Nell’ambito dell’ampio sistema socialistico, le risposte nei confronti della questione sociale cominciarono a differenziarsi:

  • alcuni proponevano una contestazione radicale del sistema capitalistico (Marx).
  • altri proponevano un lento percorso di correzioni graduali all’ordine esistente.

Secondo il padre del socialismo rivoluzionario, Karl Marx, il sistema non poteva essere migliorato, ma, al contrario, doveva essere abbattuto, tramite una rivoluzione violenta che sarebbe stata la risultante di una progressiva esplosione delle contraddizioni insite nel capitalismo. Tale rivoluzione, a sua volta, avrebbe condotto all’edificazione di una società senza classi. Quanto ai diritti dei lavoratori, quindi, essi non interessavano a Marx che li riteneva incapaci di costituire uno strumento di vera emancipazione.

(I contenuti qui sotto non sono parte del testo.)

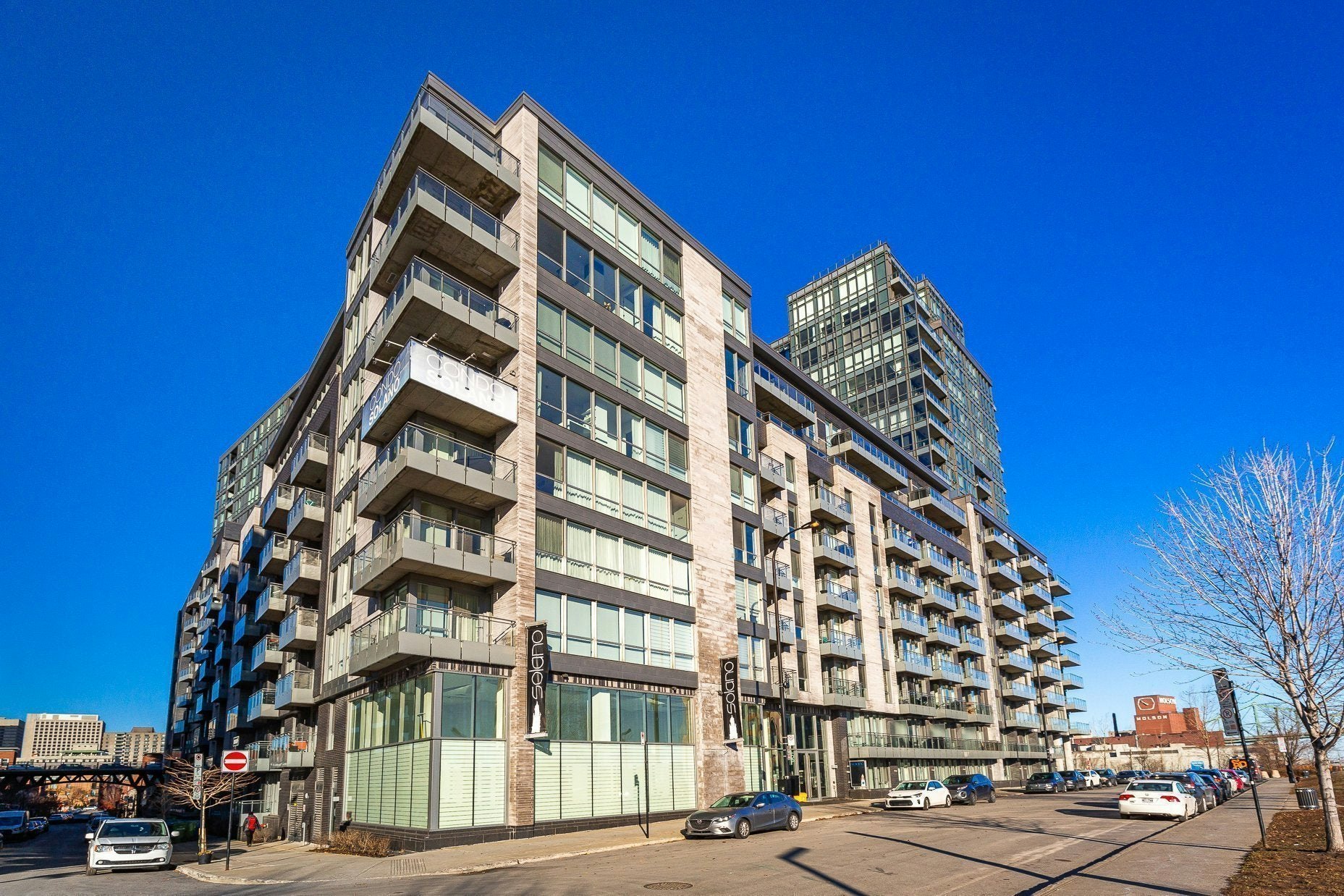 704-901 De La Commune Rue E, Montréal, QC, H2L 0E2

Tuttavia, fu proprio la pressione immediata per i diritti, ossia l’urgenza di fare qualcosa per migliorare la condizione delle classi lavoratrici, che indusse una parte del movimento socialista (riformista) a distaccarsi dalle posizioni dei marxisti più radicali.

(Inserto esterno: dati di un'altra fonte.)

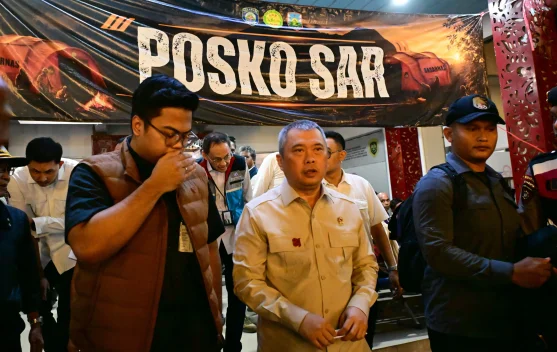 Evakuasi dan posko SAR untuk korban kebakaran KMP Putri Yasmin di Pelabuhan Lembar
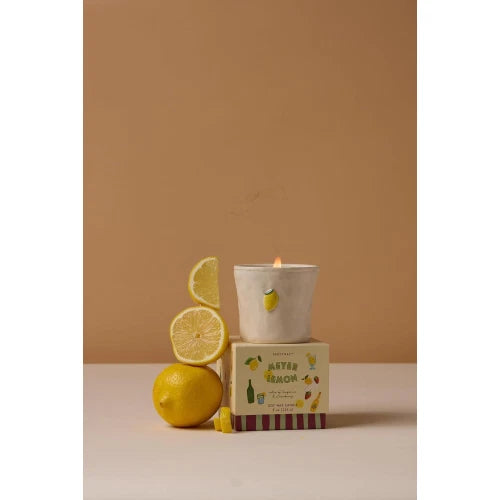 Candela in ceramica con decorazione a limone in rilievo, formato Bistro, 226 g (8 oz) - Limone Meyer, confezionata in scatola.
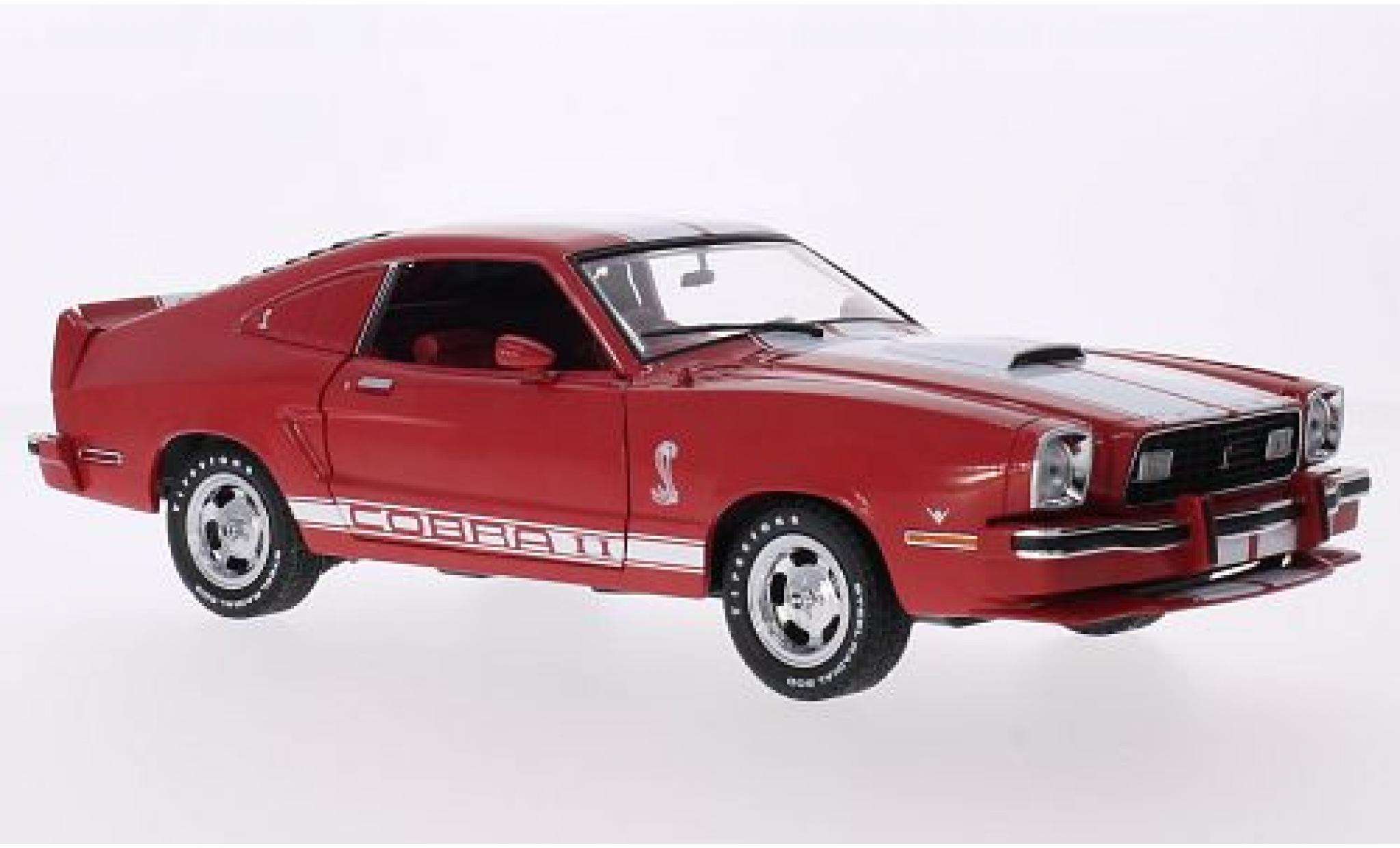 Ford Mustang 1/18 Greenlight II Cobra II rood/wit 1978 modelauto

Le conseguenze di tali distaccamenti variarono in base agli Stati:

  • in Francia, nell’assemblea costituente del 1848, si discusse animatamente del diritto del lavoro. Emerse <<la consapevolezza di trovarsi di fronte ad un diritto peculiare, un nuovo diritto>>, che per essere soddisfatto esigeva un profondo mutamento nella funzione dello Stato, imponendo il passaggio da uno Stato che si limita a controllare il rispetto della libertà-proprietà a uno Stato che entra da protagonista nel processo produttivo.
  • in Germania, la socialdemocrazia tedesca cominciò ad inserire nei programmi politici la rivendicazione dei diritti sociali, pur mantenendo fermo, per il lungo termine, l’obiettivo rivoluzionario, che, al contrario, si perdeva nel filone <<riformista>>, il quale, cercando un compromesso con il sistema capitalistico, si distaccava completamente dal pensiero di Marx.
  • in Italia, il movimento socialista culminò nella costituzione, nel 1892, del Partito socialista. La lotta fra correnti rivoluzionarie e riformiste avrebbe portato solo successivamente, nel 1921, alla scissione tra comunisti e socialisti.
  • in Inghilterra il socialismo <<fabiano>> accompagnò i primi passi del movimento sindacale inglese e la costituzione, da una costola delle Trade Unions, del Partito laburista.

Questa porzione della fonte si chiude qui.